- Burt-Arrington House
- U.S. National Register of Historic Places
- Location: 784 W. Hilliardston Road Nashville, North Carolina, United States
- Built: ca. 1824
- Architectural style: Federal
- NRHP reference No.: 16000561
- Added to NRHP: 08/22/2016

= Burt-Arrington House =

Plantation house in Nashville, North Carolina

The Burt-Arrington House, also known as the Burt-Woodruff-Cooper House, is a historic plantation house located in Nashville, North Carolina, near Hillardston. It is a double pile, two and half story Federal-style frame building. The plantation was once owned by Congressman Archibald Hunter Arrington, who served in the United States House of Representatives and in the Confederate States Congress.

== History ==
The house was built around 1824 for Dr. William Burt, a physician and planter. The house was built in the Federal style and has Greek Revival-style interior details. The house features six fireplaces, 11-foot ceilings, five bedrooms, and a sunroom.
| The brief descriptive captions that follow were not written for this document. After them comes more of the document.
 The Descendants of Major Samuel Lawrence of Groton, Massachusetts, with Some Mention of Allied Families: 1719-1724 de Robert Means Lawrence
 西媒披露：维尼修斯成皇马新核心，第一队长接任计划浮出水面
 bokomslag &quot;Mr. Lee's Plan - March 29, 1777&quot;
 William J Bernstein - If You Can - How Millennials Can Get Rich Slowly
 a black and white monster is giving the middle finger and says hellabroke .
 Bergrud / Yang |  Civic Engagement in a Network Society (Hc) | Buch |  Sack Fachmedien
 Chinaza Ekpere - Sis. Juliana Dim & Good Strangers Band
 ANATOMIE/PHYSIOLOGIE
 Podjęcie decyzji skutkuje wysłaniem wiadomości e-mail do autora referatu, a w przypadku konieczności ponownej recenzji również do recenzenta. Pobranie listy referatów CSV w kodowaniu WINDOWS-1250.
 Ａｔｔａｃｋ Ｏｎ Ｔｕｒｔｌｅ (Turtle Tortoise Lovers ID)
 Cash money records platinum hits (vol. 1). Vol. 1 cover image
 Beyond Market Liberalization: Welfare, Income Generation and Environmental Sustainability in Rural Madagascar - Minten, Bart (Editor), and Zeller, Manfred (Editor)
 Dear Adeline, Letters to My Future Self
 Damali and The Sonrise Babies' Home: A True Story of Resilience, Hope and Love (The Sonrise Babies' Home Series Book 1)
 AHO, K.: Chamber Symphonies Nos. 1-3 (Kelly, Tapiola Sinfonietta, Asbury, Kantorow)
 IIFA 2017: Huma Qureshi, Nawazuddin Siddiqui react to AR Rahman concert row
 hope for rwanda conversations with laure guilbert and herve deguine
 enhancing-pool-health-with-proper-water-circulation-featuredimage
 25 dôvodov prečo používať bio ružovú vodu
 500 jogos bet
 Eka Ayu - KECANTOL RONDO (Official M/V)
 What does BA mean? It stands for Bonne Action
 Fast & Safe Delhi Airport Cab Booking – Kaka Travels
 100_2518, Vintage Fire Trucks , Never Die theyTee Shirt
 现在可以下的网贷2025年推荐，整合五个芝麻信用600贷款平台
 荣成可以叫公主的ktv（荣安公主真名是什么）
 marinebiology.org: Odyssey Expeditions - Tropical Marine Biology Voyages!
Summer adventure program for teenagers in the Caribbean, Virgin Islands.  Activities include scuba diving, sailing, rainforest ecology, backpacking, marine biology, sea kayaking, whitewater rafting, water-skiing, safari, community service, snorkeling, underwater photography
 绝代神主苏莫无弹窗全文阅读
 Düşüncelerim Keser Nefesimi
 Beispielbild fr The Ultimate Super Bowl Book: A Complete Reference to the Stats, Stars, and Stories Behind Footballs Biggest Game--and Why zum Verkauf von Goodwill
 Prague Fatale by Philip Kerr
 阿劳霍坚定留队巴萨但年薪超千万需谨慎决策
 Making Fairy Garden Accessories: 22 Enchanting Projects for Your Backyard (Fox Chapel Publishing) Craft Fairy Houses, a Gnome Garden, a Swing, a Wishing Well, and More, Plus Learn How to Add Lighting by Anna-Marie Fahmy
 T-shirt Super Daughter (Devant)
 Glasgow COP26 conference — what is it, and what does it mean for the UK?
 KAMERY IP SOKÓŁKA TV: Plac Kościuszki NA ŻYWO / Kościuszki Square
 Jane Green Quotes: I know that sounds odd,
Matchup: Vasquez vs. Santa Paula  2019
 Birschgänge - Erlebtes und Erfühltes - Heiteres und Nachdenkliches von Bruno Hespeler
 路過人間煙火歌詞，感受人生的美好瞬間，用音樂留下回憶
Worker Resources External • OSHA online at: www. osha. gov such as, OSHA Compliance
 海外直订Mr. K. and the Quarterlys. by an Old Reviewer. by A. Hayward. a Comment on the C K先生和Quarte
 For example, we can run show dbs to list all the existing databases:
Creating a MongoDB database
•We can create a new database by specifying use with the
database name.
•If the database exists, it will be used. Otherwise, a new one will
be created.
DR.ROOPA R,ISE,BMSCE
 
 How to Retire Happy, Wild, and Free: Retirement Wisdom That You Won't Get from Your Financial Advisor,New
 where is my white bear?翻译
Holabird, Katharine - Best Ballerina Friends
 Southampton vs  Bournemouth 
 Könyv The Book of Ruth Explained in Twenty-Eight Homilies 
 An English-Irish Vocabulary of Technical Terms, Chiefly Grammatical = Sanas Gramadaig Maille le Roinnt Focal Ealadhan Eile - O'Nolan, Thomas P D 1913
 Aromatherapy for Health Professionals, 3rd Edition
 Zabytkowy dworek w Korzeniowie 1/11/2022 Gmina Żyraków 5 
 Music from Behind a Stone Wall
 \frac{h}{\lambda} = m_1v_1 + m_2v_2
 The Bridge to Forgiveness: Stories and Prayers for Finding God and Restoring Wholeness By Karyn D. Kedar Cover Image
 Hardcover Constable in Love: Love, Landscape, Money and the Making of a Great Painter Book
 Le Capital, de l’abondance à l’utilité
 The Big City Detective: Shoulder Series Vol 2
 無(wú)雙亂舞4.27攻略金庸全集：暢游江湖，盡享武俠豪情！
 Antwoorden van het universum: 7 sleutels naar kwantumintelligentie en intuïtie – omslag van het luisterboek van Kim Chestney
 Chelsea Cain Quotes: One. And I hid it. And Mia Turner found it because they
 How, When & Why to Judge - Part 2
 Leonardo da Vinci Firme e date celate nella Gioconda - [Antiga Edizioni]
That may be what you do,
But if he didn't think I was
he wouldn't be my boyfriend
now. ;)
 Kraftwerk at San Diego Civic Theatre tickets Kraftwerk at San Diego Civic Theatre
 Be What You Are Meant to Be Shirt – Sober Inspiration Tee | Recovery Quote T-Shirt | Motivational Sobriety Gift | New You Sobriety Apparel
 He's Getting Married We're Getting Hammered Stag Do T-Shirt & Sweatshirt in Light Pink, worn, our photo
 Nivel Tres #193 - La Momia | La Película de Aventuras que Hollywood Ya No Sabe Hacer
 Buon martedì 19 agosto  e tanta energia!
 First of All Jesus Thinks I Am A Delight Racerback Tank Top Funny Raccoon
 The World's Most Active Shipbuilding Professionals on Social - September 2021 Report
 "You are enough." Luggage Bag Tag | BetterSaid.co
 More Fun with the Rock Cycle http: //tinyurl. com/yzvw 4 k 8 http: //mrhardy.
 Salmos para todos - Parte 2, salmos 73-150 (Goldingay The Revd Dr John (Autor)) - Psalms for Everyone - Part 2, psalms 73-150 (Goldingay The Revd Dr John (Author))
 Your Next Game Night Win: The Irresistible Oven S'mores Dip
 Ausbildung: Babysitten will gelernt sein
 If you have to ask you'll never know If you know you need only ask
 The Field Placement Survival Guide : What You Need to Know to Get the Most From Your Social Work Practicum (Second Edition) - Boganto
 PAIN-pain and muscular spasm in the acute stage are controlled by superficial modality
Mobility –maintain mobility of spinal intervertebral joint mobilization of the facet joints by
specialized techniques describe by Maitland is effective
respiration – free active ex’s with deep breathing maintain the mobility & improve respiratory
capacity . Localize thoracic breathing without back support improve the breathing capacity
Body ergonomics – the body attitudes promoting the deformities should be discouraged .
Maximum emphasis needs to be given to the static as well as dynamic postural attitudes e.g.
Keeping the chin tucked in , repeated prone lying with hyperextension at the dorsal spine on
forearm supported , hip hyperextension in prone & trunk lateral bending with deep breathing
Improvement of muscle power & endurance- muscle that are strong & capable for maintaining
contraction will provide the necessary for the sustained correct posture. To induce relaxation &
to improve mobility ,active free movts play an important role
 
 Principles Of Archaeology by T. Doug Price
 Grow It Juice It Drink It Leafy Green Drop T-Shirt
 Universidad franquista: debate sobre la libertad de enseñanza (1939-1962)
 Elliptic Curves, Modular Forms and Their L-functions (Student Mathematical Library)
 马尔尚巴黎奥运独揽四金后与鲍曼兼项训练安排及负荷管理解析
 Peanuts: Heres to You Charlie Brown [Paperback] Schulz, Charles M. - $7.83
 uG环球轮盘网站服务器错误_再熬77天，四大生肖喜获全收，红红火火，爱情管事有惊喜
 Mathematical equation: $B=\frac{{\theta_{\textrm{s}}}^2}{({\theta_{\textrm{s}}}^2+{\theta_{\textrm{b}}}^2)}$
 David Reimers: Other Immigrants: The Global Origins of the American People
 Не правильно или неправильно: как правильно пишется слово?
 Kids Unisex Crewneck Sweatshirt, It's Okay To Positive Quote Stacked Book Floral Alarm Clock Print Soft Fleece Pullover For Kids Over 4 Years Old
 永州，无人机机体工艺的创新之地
In 1838, the property was sold to Dr. John Arrington for $6,000. He sold the property, comprising the house and a one-hundred-and-nineteen-acre estate, to his first cousin, Archibald Hunter Arrington, on September 25, 1847. Arrington's son, John Peter Arrington, who served as sheriff of Nash County and later as a member of the state's Department of Agriculture, inherited the plantation from his father on October 22, 1874. He and his wife, Laura Maud Philips Arrington, sold the property to his brother-in-law, Judge William Lewis Thorp, who served as the mayor of Rocky Mount, on November 6, 1876. He and his wife sold the plantation to George W. Abrams on December 19, 1902, who in turn sold it to the tobaccosit Alfred Plummer Williams and L.F. Williams on December 17, 1906. Williams sold the house to the farmer and merchant William Frederick Woodruff and Nannie Bette Williams Woodruff on January 30, 1924. The Woodruff family continued to operate the estate as a farm during this time. Their daughter, Nancy Woodruff Broadwell, and her husband, Waverly C. Broadwell, sold the property to Thomas Arrington Cooper, Jr. and Christine Richardson Cooper on December 13, 1961. Their daughter, Alice Cooper Pearcey, inherited the property and sold it to Thomas and Susan Moore on July 2, 2007. The Moores removed a one-story full facade porch that was added to the house in the 20th century, and removed aluminum siding and exposed original wooden weatherboard siding. They also painted the exterior siding, conserved original windows, installed modern plumbing and electrical systems, updated the house's bathrooms, and restored the property's outbuildings.